Fundado en 1910
El que cuenta las sílabasGabriel Albiac

O Magnum Mysterium

La música se pierde. Se ha perdido, muy probablemente. Y muy probablemente eso no tiene cura. Como no tiene cura que tan pocos sepan ya hoy leer

Harry Christophers dirige a The Sixteen. Mi casa es la biblioteca que habita un eremita con solo dos creencias. Inexpugnables. Libros, siempre. A ratos muy privilegiados, música. Lo demás –todo lo demás– perdió para mí el peso que tuvo en otros días. Ahora muertos, como muertos, están algunos de los mejores que me acompañaron: en la lectura de los libros, que eran nuestro mundo. En el estupor de la música, que, por no ser de nuestro mundo, pudo maravillarnos más que ninguna otra cosa.

Y ahora, en esta casa que es una biblioteca bien ordenada, en cuyas letras solo es posible –si a alguien pudiera interesarle tal nadería– rastrear mi nombre, esos «Dieciséis» a los que dirige el sabio Harry Christophers entonan el susurro, demasiado tenue para ser descrito, que dice, milagrosamente, la necesaria textura de lo imposible: el milagro.

O magnum mysterium
et admirabile sacramentum,
ut animalia viderent
Dominum natum
Jacentem in praesepio!


(¡O inmenso misterio
y admirable sacramento,
que hizo a los animales ver
al Señor nacido
y yaciente en un pesebre!)

Del susurro hizo música, un londinense, matemático y angelical a un tiempo: eso es ser músico. Lo bastante católico para componer sin distinción para oficios católicos y anglicanos. Porque la música era sagrada; no religiosa. Lo sagrado –la relación del animal pensante con el misterio– es lo primordial para el hombre que sabe que muere. Muy pocos alcanzaron en el siglo XVI la belleza polifónica que William Byrd imprime a ese fontal sagrado. Solo los grandes de la gran polifonía española, Morales, Victoria, Guerrero… conmueven así quién escucha. A quien sabe escuchar todavía. No demasiados ya. Y eso no tiene remedio.

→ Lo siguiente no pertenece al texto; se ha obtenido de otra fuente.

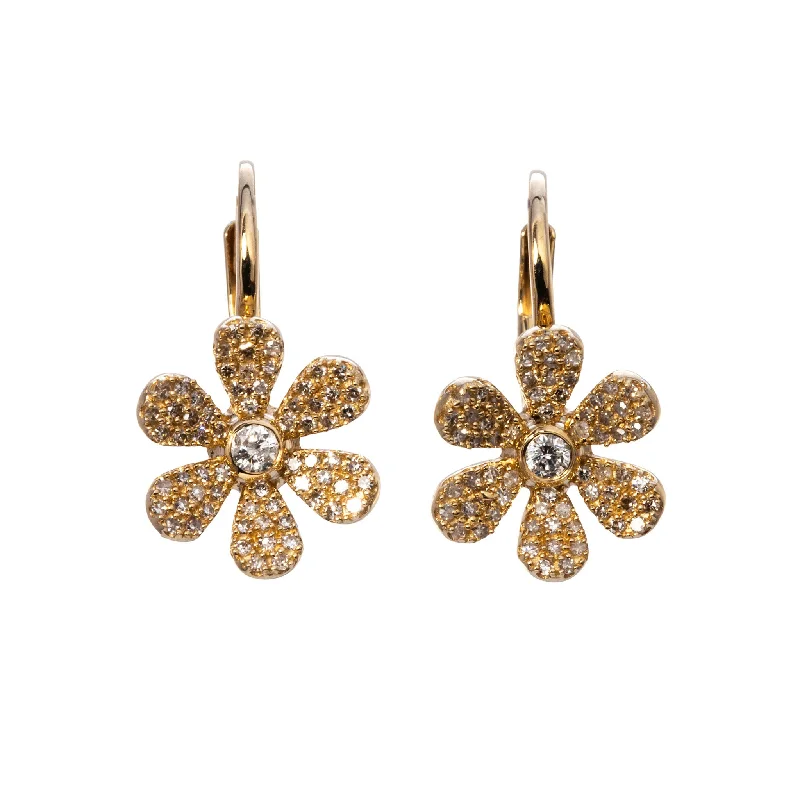 Bold And Beautiful Jewelry Now At Irresistible Prices Diamond Pavé Flower 14K Yellow Gold Leverback Earrings Bold And Beautiful Jewelry Now At Irresistible Prices Diamond Pavé Flower 14K Yellow Gold Leverback Earrings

La música se pierde. Se ha perdido, muy probablemente. Y muy probablemente eso no tiene cura. Como no tiene cura que tan pocos sepan ya hoy leer: aquel milagro que un rey-mago de Egipto revelara a Sócrates en el conmovedor diálogo de Platón que dice la escritura, arte laborioso de la memoria. Condenado al fracaso: letras que se disuelve sobre el agua, dice, y de las que solo nos quedarán, al fin, ondas desdibujadas. Y después de esas ondas, nada. A esa nada hemos llegado.

¿Son lo mismo la escritura y la música? No, la primera es el consuelo de los que no hemos sabido componer la aritmética arquitectura de la segunda. Y la añoramos. Fedón, 60e. Es Sócrates, el padre de todo lo que, en Platón, sería esa segunda navegación –la grandiosa– de la escritura, a la que el discípulo llamará «filosofía», el que cuenta la voz que oye en sueños cada noche: «¡Sócrates, haz música y aplícate a ello!». Y Sócrates fracasa. Y se resigna a hacer «otra música», que Platón escribirá: a «hacer música, en la convicción de que la filosofía era la más alta música».

Y en el silencio de esta mañana de Navidad –porque música no es la combinatoria del ruido, lo es del silencio–, en mi biblioteca y en las voces intangibles de los Sixteen de Harry Christophers, William Byrd, repite en bucle sus cinco minutos y cuarenta segundos de paraíso. Que ningún filósofo, que ningún escritor podrá construir nunca. Sócrates quiso ser músico. Fracasó. Y ese fracaso nos legó la más alta melancolía. La de escribir lo imposible. La llamamos filosofía: música que no suena… O Magnum Mysterium!